Quel est le champ d’action de la règle de privilège de juridiction en droit algérien ? Et pour quelle catégorie de personnes est-elle mise en œuvre ? Qu'en reste-il aujourd'hui?
Le privilège de juridiction
Le privilège de juridiction, accorde, conformément à la section 19 de la Convention sur les privilèges et immunités des institutions spécialisées, aux cadres supérieurs de l'Etat, la possibilité de se faire poursuivre et jugé devant des juridictions autres que celles territorialement compétentes dans le droit commun.
Ainsi, et conformément à l’article 573 du code de procédure pénale, lorsqu’un haut fonctionnaire de l’Etat, est accusé d’un crime ou d’un délit, commis dans l’exercice de ses fonctions, le procureur de la république responsable de l’affaire, la transmet par voie hiérarchique, au procureur général près de la cour suprême qui désigne un membre de la cour suprême aux fins de procéder à une information.
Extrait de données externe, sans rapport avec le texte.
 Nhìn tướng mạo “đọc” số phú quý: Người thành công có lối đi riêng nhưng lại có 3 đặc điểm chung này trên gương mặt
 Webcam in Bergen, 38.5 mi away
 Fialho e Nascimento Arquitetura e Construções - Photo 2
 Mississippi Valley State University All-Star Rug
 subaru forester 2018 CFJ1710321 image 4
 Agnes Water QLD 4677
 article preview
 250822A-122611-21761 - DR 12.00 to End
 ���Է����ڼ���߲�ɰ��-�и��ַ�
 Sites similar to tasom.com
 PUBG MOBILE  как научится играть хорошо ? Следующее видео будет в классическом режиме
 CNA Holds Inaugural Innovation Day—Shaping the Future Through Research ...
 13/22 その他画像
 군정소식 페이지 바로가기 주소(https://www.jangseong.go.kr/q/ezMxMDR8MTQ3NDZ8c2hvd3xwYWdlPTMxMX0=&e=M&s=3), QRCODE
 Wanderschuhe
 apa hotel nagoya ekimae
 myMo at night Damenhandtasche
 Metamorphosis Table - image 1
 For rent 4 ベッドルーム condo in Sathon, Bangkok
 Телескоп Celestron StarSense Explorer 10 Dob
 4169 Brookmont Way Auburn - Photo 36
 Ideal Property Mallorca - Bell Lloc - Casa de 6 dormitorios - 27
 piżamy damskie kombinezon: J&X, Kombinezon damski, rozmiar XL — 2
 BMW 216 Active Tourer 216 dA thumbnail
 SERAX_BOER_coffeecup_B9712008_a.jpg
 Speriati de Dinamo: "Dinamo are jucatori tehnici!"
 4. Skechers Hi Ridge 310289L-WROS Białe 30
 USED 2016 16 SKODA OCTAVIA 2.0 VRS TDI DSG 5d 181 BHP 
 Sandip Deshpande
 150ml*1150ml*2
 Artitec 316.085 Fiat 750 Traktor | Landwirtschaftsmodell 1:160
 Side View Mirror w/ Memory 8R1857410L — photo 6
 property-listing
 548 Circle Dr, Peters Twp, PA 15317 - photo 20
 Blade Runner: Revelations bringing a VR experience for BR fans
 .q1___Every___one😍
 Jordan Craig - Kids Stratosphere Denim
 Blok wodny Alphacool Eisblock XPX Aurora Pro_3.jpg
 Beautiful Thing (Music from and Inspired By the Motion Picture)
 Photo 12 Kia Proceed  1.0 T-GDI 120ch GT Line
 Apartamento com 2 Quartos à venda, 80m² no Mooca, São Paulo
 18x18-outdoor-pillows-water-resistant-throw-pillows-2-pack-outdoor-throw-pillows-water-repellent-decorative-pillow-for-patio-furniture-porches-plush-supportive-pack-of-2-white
Les catégories de personnes concernées par le privilège de juridiction
Les catégories de fonctionnaires de l’Etat, pour lesquels est appliqué le privilège de juridiction sont:
- Les membres du gouvernement ;
- Les magistrats de la cour suprême ;
- Les walis ;
- Les présidents de la cour ;
- Les procureurs généraux auprès d’une cour.
Vers une abolition de la règle de privilège de juridiction
Le privilège de juridiction ou bien l’immunité de juridiction, avait été abordé dans le communiqué du 13 octobre 2019, par le Président de la République. Le Conseil des Ministre a adopté, en outre, un projet de loi amendant l'ordonnance n°66-155 du 08 juin 1966 portant Code de Procédure Pénale, présenté par le ministre de la Justice, Garde des Sceaux, dans le but de supprimer tous les privilèges, dont jouissent les personnes influentes de l’Etat et de renforcer le système législatif dans la lutte contre la corruption et toute forme de criminalité.
Ce communiqué a souligné l’impact négatif du privilège de juridiction sur la mise en œuvre de l’action publique, menaçant ainsi, de réduire le champ d’action des officiers de la police judiciaire. Ce communiqué dans son 7ème paragraphe, met d'accent sur l’importance de devoir consacrer le principe constitutionnel d'égalité de tout un chacun devant la Justice, et ce, quel que soit le statut fonctionnel de chaque individu. Initié dans le cadre du renforcement du système législatif de lutte contre la corruption et toutes les formes de criminalité, cet amendement abroge toutes les dispositions ayant eu un impact négatif sur la mise en mouvement l'action publique et celles constituant des entraves à l'action de la Police judicaire, notamment dans les affaires de corruption et de dilapidation du denier public, incluant les privilèges de juridiction.
La modification de l’article 573 du code de procédure pénale
En effet, la règle du privilège de juridiction à finalement été abrogé par les dispositions de l’article 6 de l’Ordonnance n°20-04 du 30 août 2020 modifiant et complétant l’ordonnance n°66-155 du 8 juin 1966 portant code de procédure pénale, qui dispose que :
« Art. 573. — Lorsqu’un membre du Gouvernement, un magistrat de la Cour suprême, du Conseil d’Etat ou du tribunal des conflits, un wali, un président de Cour, un président d’un tribunal administratif, un procureur général près une Cour ou un commissaire d’Etat près un tribunal administratif, est susceptible d’être inculpé d’un crime ou d’un délit commis dans l’exercice ou à l’occasion de l’exercice de ses fonctions, le procureur de la République saisi de l’affaire, transmet le dossier, par voie hiérarchique, au procureur général près la Cour suprême, lequel saisit le premier président de la Cour suprême qui désigne un autre tribunal aux fins de poursuite, d’instruction et de jugement (...) ».
Ainsi et désormais, tous les citoyens, y compris les hauts responsables de l’Etat, plaideront en la même forme dans les mêmes cas, mettant fin aux privilèges judiciaires dont bénéficiaient d’anciens responsables du régime algérien, qui défendaient leur honneur devant des tribunaux spécialisés.